Трудно не признать: логика на стороне Сталина. Я.Б. Гамарник покончил с собой 31 мая 1937 года — в преддверии своего неизбежного ареста по делу Тухачевского. Как вскоре выяснилось, Гамарник принадлежал к ключевым фигурам заговора в Красной Армии и вместе с другими военными заговорщиками должен был бы предстать на скамье подсудимых.
Бухарин не «разоружился» и не переметнулся на сторону своих политических врагов. Да, кое-чем он помог следствию. Но складывается впечатление (здесь, к сожалению, нельзя быть полностью уверенным), что он соглашался давать показания только против тех, кто, как он сам, был уже арестован и фактически обречен. Но в одном можно не сомневаться: Бухарин знал об участии Ежова в антисталинском заговоре, однако отказ сообщить об этом властям делает Бухарина сообщником кровавых ежовских преступлений.

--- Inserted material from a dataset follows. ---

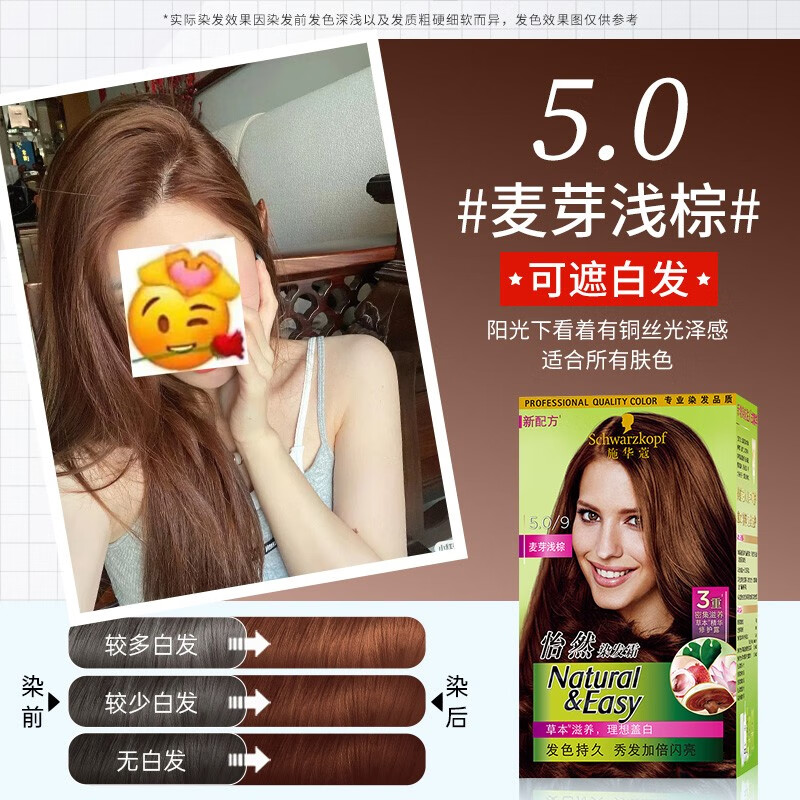 施华蔻(schwarzkopf)怡然植物盖白染发剂遮白发纯无氨温和配方染发霜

БУХАРИН ЗНАЛ О ЕЖОВСКИХ МАССОВЫХ РЕПРЕССИЯХЗнал ли Бухарин о совершаемых Ежовым фальсификациях следственных дел, пытках арестованных и казнях ни в чем не повинных людей? Да, знал, хотя истинные масштабы ежовских злодеяний, конечно, были ему неведомы. Бухарин, напомним, пробыл в тюремном заключении с 27 февраля 1937-го по 15 марта 1938 года, тогда как массовые репрессии начались не ранее августа 1937 года и продолжались еще несколько месяцев после вынесения ему смертного приговора.

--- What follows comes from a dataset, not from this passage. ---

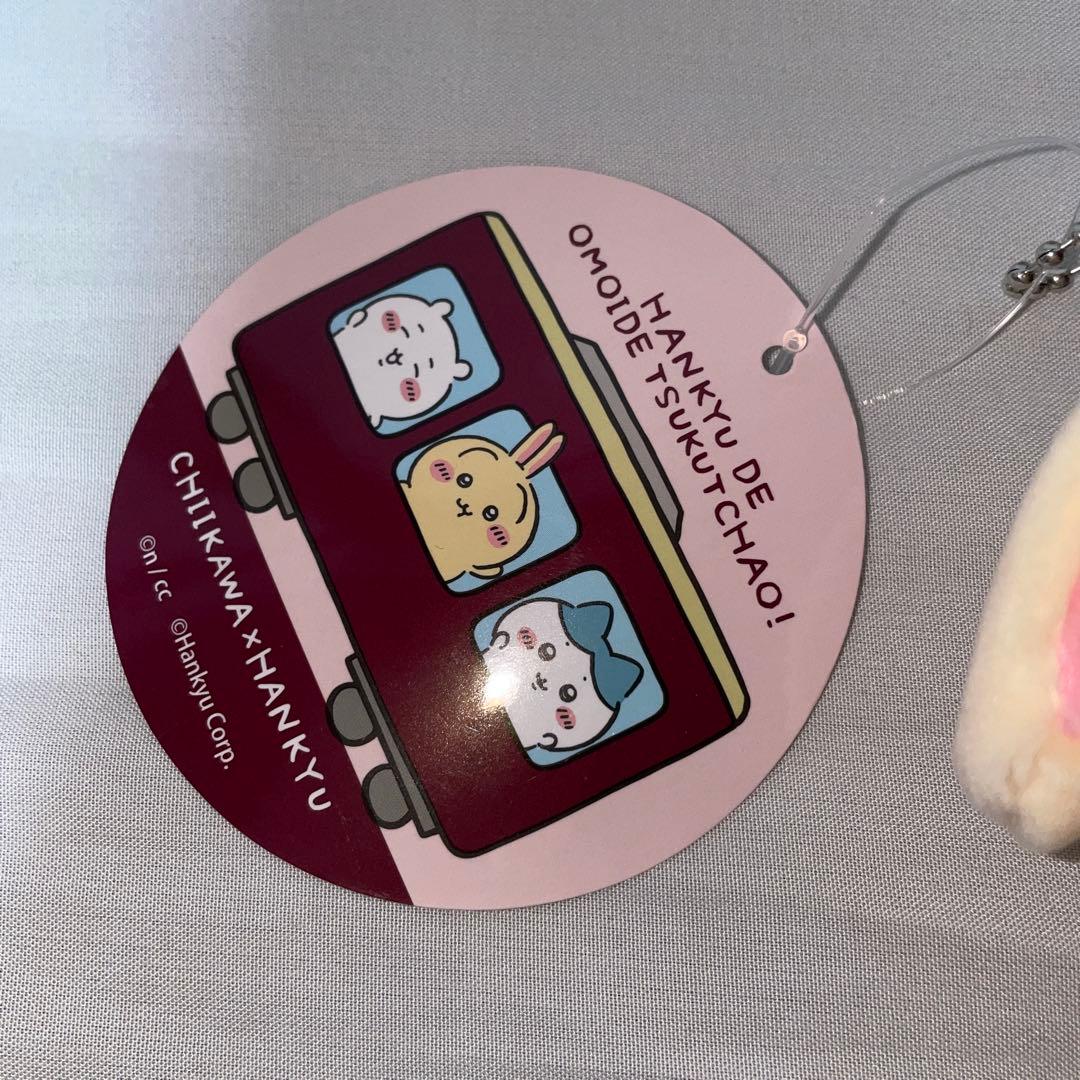 ちいかわ　阪急電車なマスコット　うさぎ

Несмотря ни на какие тюремные засовы известия о происходящем в СССР все же попадали к Бухарину, ибо именно на них он ссылается в письме к Сталину от 10 декабря 1937 года:
«Есть какая-то большая и смелая политическая идея генеральной чистки а) в связи с предвоенным временем, Ь) в связи с переходом к демократии. Эта чистка захватывает а) виновных, Ь) подозрительных и с) потенциально подозрительных. Без меня здесь не могли обойтись. Одних обезвреживают так-то, других — по-другому, третьих — по-третьему. Страховочным моментом является и то, что люди неизбежно говорят друг о друге и навсегда поселяют друг к другу недоверие (сужу по себе: как я озлился на Радека, который на меня натрепал! А потом и сам пошел по этому пути…). Таким образом у руководства создается полная гарантия.
Ради бога, не пойми так, что я здесь скрыто упрекаю даже в размышлениях с самим собой. Я настолько вырос из детских пеленок, что понимаю, что большие планы, большие идеи и большие интересы перекрывают все, и было бы мелочным ставить вопрос о своей собственной персоне наряду с всемирно-историческими задачами, лежащими прежде всего на твоих плечах» (выделено Бухариным. — Г.Ф., В.Б.).